ヨハネス・フェルメールの代表作「真珠の耳飾りの少女」のモデルは、一説によると召使の少女グリエット(映画ではグリート)だったと言われいる。
映画はまるでフェルメールの絵が動いているような、映像美と美術的な再現性で高く評価され、17世紀オランダ社会の雰囲気を直に見ている。あの先輩使用人のおばさんが窓辺で牛乳を注げばそのままフェルメールの「牛乳を注ぐ女」になりそうだし、窓辺の机には、「天文学者」や「地質学者」があらわれそうだ。
この映画はフェルメールの名画の背景にあるフィクションが主眼。
グリートの美的センスを見抜いたフェルメールは彼女を弟子のように遇する ようになり、二人はやがて互いに気持ちを通わせる。
10人以上と言われる子を産んだ妻はグリートほどのセンスはない。こどもはグリートにいじわるをする。あの名画の背景にそんなことがあったなんて。
フェルメールとグリート、フェルメールの妻、この三人を中心とした息詰まるような心理サスペンス。官能的な暗喩。
もはや他の登場人物の深堀りは無理だし不要だろう。(とくに肉屋の息子ピーターとグリートの淡い恋愛感情についての淡泊な描写は、この映画の不評の原因にあげられてもいるのだが)
グリートの父はタイル工場で働いたが工場の爆発で失明し失職。
グリートはフェルメール家に奉公に行くことになる。父はグリートに「これは私が描いたタイルだ」といってその一片を渡す。涙ぐむグリート。「おまえを働きに出すなんて、食べ物には気をつけなさい」と言って送り出す母。この冒頭の数分にはこの物語のエッセンスが詰め込まれている。

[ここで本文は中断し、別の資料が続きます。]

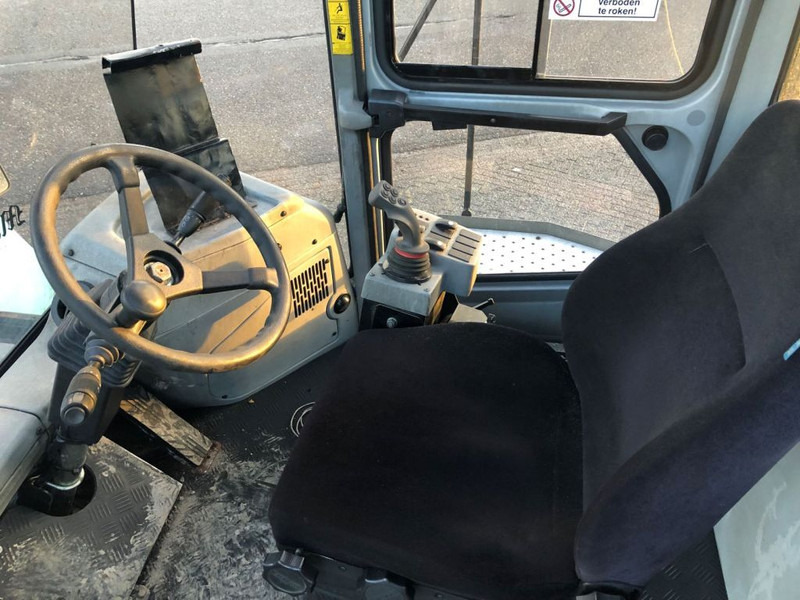 KONECRANES SMV4531 TB5 - Dizalica za kontejnere: slika 3 KONECRANES SMV4531 TB5 - Dizalica za kontejnere: slika 3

フェルメールは結婚を機にプロテスタントからカトリックに改宗したとも言われており、
プロテスタントであるグリートの母親が「カトリックの祈りには近づかないように」と釘をさす。
17世紀のオランダでは、カトリックとプロテスタントの間に宗教的な緊張があり、一般にプロテスタントが経済的にも優位であったと考えられます。
フェルメールは生涯を通じて経済的に安定していたわけではなかった。
これらのこともこの映画の、そしてフェルメールの生涯を見る上でとても重要な要素だ。
主演のスカーレット・ヨハンソンも次第に「真珠の耳飾りの少女」に似てくるのだが、絵の少女は日本人に近い感じがする。
AIによると少女が身に着けている青のターバンは、当時のオランダで流行していたオリエンタルな装いを反映しており、異国情緒を醸し出していて
この顔料は非常に高価で、通常は聖母マリアの衣服など、特別な場面でのみ使用されていた、という。